Senior formou seu time de craques sem ligar para essas regras, mais ou menos aceitas pela comunidade internacional, e excursionava pelo país e pela Europa, ganhando milhares de dólares.
"Me chamaram de louco", recordou depois Senior sobre a contratação de Di Stéfano. "Como íamos pagar 5 mil dólares de entrada e mais 500 se salário... Mas no dia em que o apresentei, de terno e gravata, arrecadamos quase 18 mil dólares, sete vezes mais do que o normal. Foi um negócio muito bom."
Mas como não existe almoço grátis, o preço da aventura colombiana logo se cobrou. Dirigentes das federações que viram seus jogadores desertar começaram a espernear. Começou um intenso lobby na Fifa para que a entidade interrompesse o que acontecia na Colômbia.
Assim, a federação internacional decidiu não permitir mais o desrespeito a suas regras e deu um ultimato aos dirigentes colombianos em 1951: em dois anos, a farra do "El Dorado" tinha que acabar.
Senior aproveitou o prazo para lucrar ainda mais, aumentou a duração das excursões e, no fim, vendeu Di Stéfano ao futebol espanhol. Após uma briga até hoje obscura entre Barcelona e Real Madrid, o craque argentino acabaria atuando no clube merengue.
A aventura da liga pirata rendeu frutos ao futebol no país, que antes era restrito a poucos círculos da sociedade colombiana, conforme afirma o professor Pérez.
"O desenvolvimento do futebol depois disso foi bastante rápido. Cada uma das maiores cidades do país passou a ter suas equipes, e a popularidade do esporte cresceu de maneira incrível na época do 'El Dorado'."
Da Copa eu abro mão
Alegando que não estava no poder para atender aos caprichos da FIFA, o presidente da Colômbia, Belisario Betancur, disse um retumbante não para a Copa do Mundo.

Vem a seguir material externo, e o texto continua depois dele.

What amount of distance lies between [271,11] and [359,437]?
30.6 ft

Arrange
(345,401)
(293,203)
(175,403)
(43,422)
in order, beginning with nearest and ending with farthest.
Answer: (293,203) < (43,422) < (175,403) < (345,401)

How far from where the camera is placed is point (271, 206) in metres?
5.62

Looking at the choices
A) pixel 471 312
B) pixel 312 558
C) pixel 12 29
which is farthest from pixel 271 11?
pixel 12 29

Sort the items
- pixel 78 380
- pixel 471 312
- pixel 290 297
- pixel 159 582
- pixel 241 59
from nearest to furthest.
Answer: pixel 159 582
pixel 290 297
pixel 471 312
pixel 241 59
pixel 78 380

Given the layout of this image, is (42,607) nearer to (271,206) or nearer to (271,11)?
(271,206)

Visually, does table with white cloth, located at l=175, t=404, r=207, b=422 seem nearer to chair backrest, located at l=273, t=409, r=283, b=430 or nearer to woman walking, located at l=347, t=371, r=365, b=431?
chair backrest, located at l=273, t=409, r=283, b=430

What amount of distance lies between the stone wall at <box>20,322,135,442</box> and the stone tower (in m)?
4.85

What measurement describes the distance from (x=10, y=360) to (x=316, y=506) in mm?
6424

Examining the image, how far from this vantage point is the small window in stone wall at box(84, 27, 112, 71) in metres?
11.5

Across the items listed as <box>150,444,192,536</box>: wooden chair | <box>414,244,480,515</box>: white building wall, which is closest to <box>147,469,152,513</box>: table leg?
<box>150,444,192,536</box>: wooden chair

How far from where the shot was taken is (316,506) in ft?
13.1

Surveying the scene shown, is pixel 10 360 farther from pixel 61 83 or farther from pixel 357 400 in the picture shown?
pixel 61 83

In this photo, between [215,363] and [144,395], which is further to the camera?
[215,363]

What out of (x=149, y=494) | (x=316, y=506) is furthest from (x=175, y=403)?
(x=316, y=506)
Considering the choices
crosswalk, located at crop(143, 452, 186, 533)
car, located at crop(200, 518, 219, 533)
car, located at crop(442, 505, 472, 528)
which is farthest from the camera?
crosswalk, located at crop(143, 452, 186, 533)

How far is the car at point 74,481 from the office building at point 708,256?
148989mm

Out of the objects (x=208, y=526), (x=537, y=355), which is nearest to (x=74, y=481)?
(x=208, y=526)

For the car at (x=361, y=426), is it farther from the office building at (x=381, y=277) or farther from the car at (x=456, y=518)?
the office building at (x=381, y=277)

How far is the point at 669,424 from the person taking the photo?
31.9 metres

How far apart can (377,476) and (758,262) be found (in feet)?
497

O país fora escolhido para sediar o torneio de 1986, mas os planos precisaram ser alterados depois de um pronunciamento em cadeia nacional de televisão que continha o trecho: "não se havia respeitado a regra básica, a questão de honra de que o Mundial devia servir à Colômbia e não a Colômbia servir à multinacional do futebol", declarou o presidente.
Com este discurso ácido Betancur se recusou a organizar a Copa. O motivo alegado em novembro de 1982, ano que o novo presidente assumiu o cargo, foi a delicada situação econômica do país. O professor Álvaro Zerda, da Universidad Nacional da Colômbia, diz que a decisão foi acertada porque o país tinha problemas com a dívida externa e déficit externo, ou seja, saia mais dinheiro que entrava.
"Uma das primeiras medidas de Betancur quando assumiu foi desvalorizar o peso em 50% para tentar aumentar as exportações e diminuir este déficit comercial". Zerda conta que algumas pessoas reclamaram da desistência em sediar a Copa, principalmente o setor de transporte marítimo, mas a promessa de empregar o dinheiro que iria para organização do Mundial em áreas sociais convenceu a população.
O torneio foi visto como um capricho pelas pessoas e as exigências da FIFA um exagero. A entidade pedia 10 estádios com capacidade para 40 mil pessoas e dois que comportassem 80 mil espectadores. O professor de Economia ressalta que ainda seria necessário investir em aeroportos e comunicação.
A decisão em recusar a Copa de 1986 era esperada porque fez parte da plataforma de campanha de Betancur. Zerda conta também que a violência preocupava os colombianos. O país saia da fase dos cartéis da maconha, no Norte, e assistia a formação dos cartéis da cocaína. Combater a criminalidade e investimento social foram apontados como prioridades e a Copa uma extravagância.
Mesmo com o discurso que agradou à população, o professor afirmou que nada se materializou. O dinheiro não foi empregado em áreas sociais e a violência ganhou corpo. Tanto que ainda no governo Betancur o Palácio de Justiça, em Bogotá, foi invadido pelo M-19, grupo guerrilheiro.
Pablo Escobar foi apontado como financiador da ação que ocorreu em 6 de novembro de 1985 e resultou na morte de 98 pessoas. Entre as vítimas estavam 11 juízes. Como o discurso para negar a Copa não virou prática a Colômbia afundou numa crise de violência.
Nesta altura a FIFA estava com outras preocupações. A entidade tomou outros caminhos e passou a procurar uma nova sede para o Mundial. O México foi o escolhido aproveitando a estrutura de 1970.